__TASK OBJECTIVE__
In the data below, begin at the line with "20 Bradshaw Street, VIC 3040" and stop after the line with "hk-help1.jpg"; output those lines exactly and no pictures.

___ PROVIDED RECORDS ___

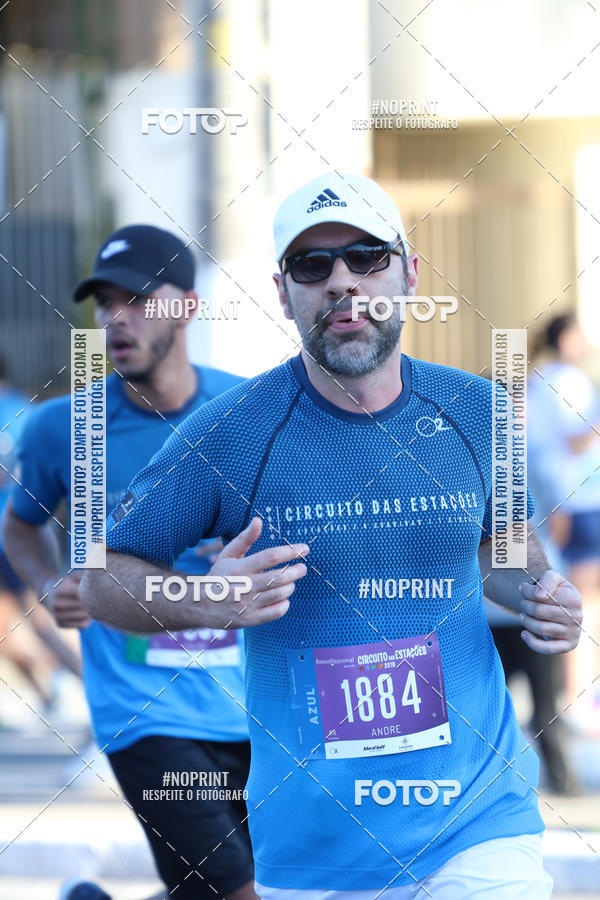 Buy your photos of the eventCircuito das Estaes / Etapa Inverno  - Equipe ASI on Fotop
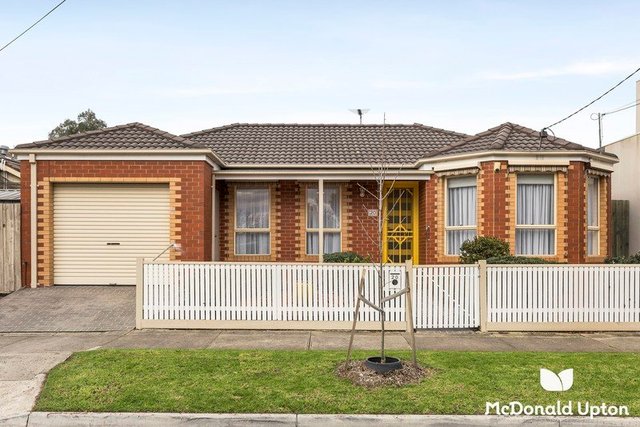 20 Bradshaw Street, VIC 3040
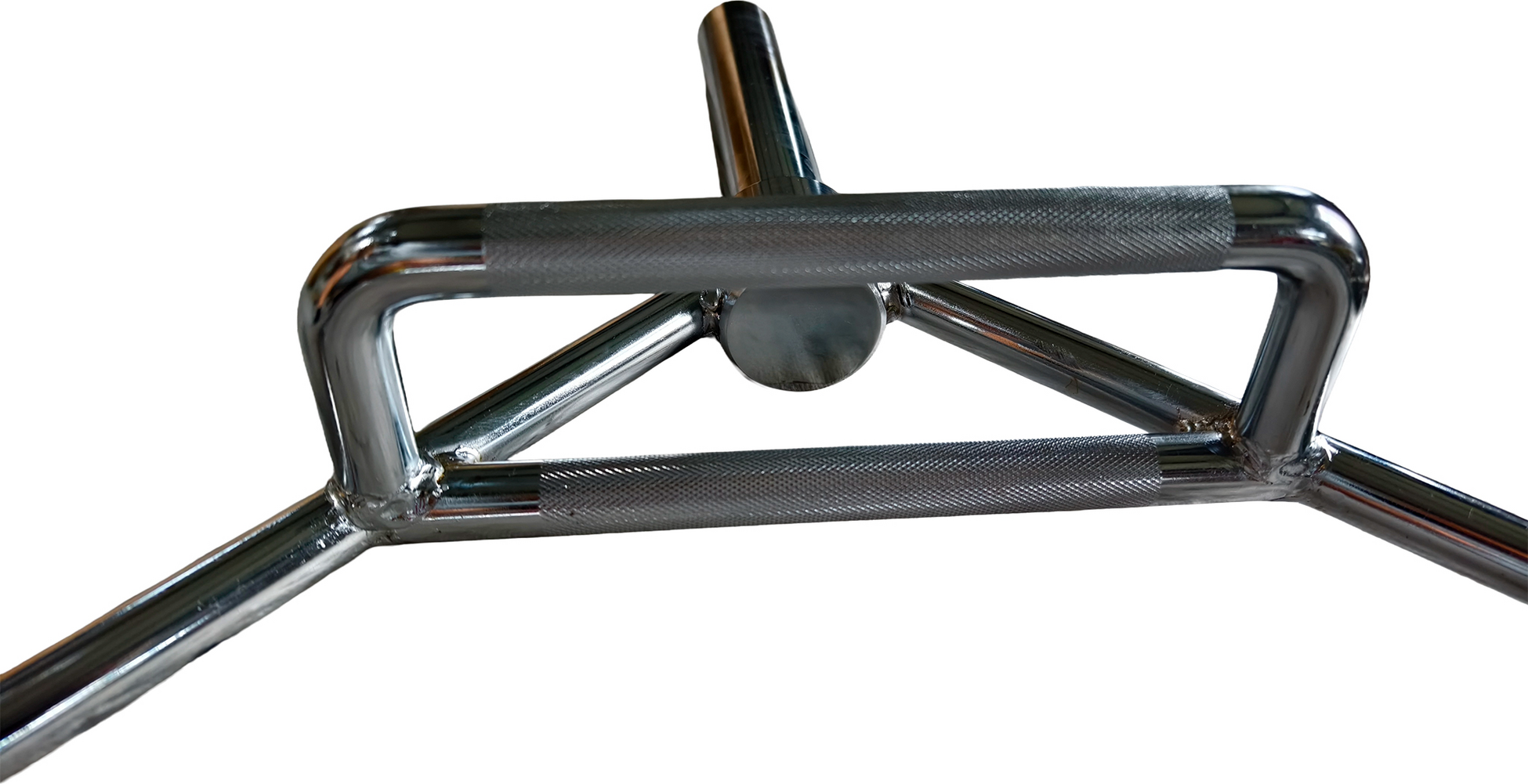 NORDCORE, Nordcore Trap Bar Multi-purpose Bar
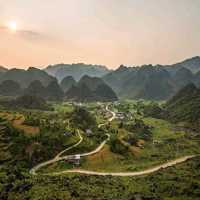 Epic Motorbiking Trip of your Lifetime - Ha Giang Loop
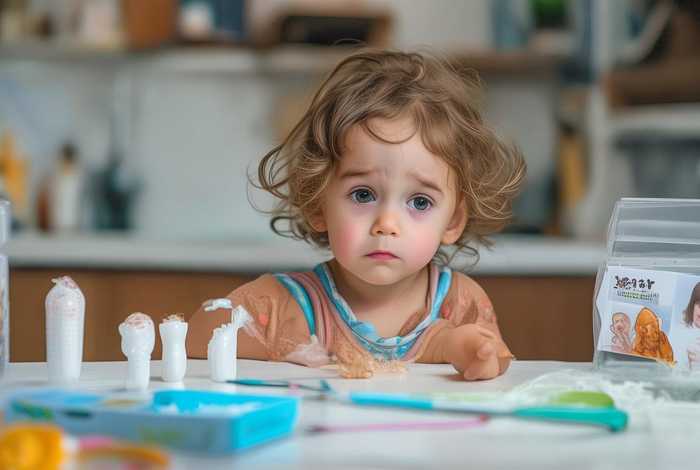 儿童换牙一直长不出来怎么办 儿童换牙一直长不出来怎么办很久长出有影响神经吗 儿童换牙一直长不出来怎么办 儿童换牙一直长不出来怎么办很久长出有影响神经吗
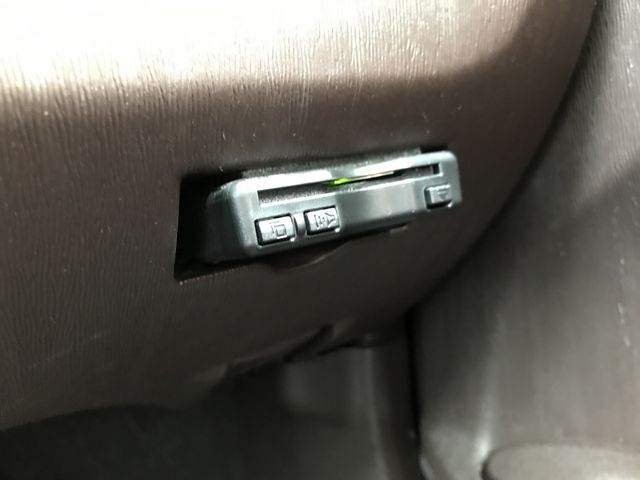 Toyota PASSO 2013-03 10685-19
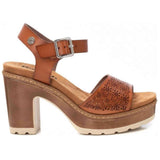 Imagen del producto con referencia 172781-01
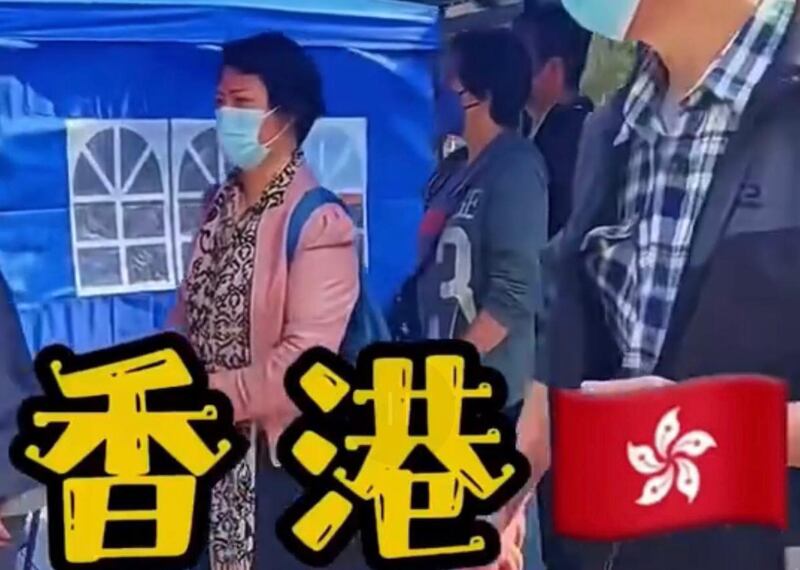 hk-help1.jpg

___
___ PROVIDED RECORDS ___

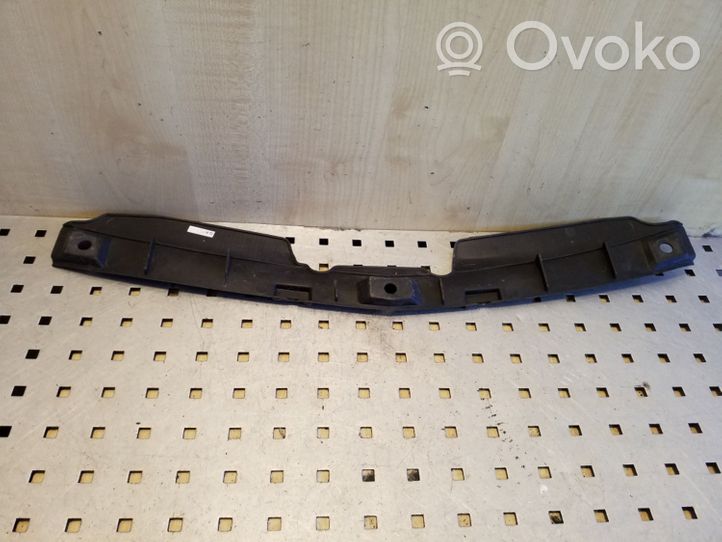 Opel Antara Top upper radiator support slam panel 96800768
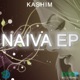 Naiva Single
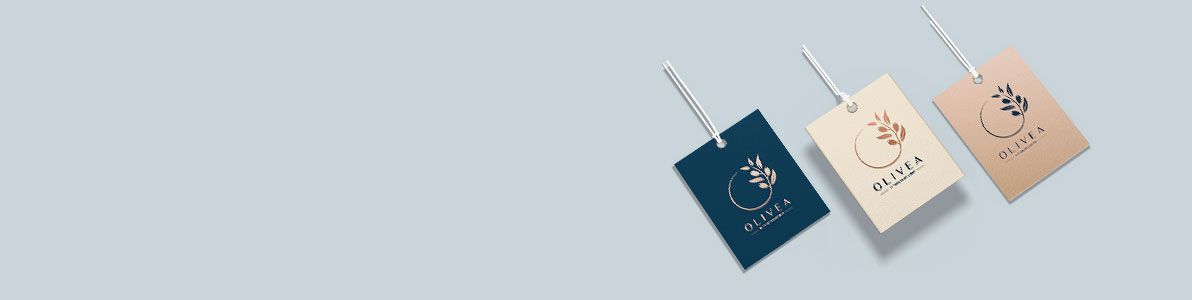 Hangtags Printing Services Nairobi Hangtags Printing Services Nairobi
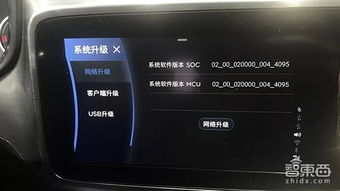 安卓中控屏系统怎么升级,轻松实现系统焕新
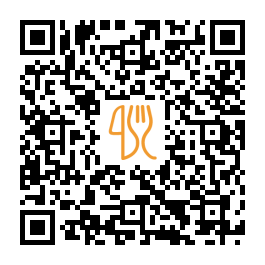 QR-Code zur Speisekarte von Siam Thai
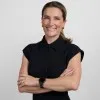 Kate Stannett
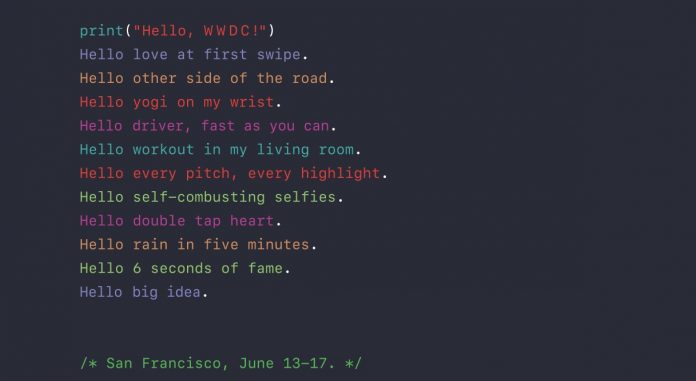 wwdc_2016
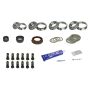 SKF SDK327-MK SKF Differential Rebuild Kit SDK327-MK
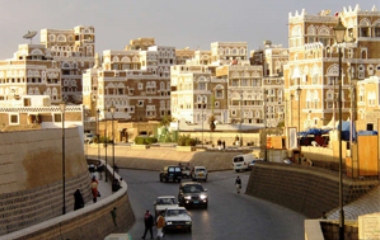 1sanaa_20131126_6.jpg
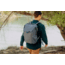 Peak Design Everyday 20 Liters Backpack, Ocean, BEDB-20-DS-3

___

__ANSWER AREA__
 20 Bradshaw Street, VIC 3040
 NORDCORE, Nordcore Trap Bar Multi-purpose Bar
 Epic Motorbiking Trip of your Lifetime - Ha Giang Loop
 儿童换牙一直长不出来怎么办 儿童换牙一直长不出来怎么办很久长出有影响神经吗 儿童换牙一直长不出来怎么办 儿童换牙一直长不出来怎么办很久长出有影响神经吗
 Toyota PASSO 2013-03 10685-19
 Imagen del producto con referencia 172781-01
 hk-help1.jpg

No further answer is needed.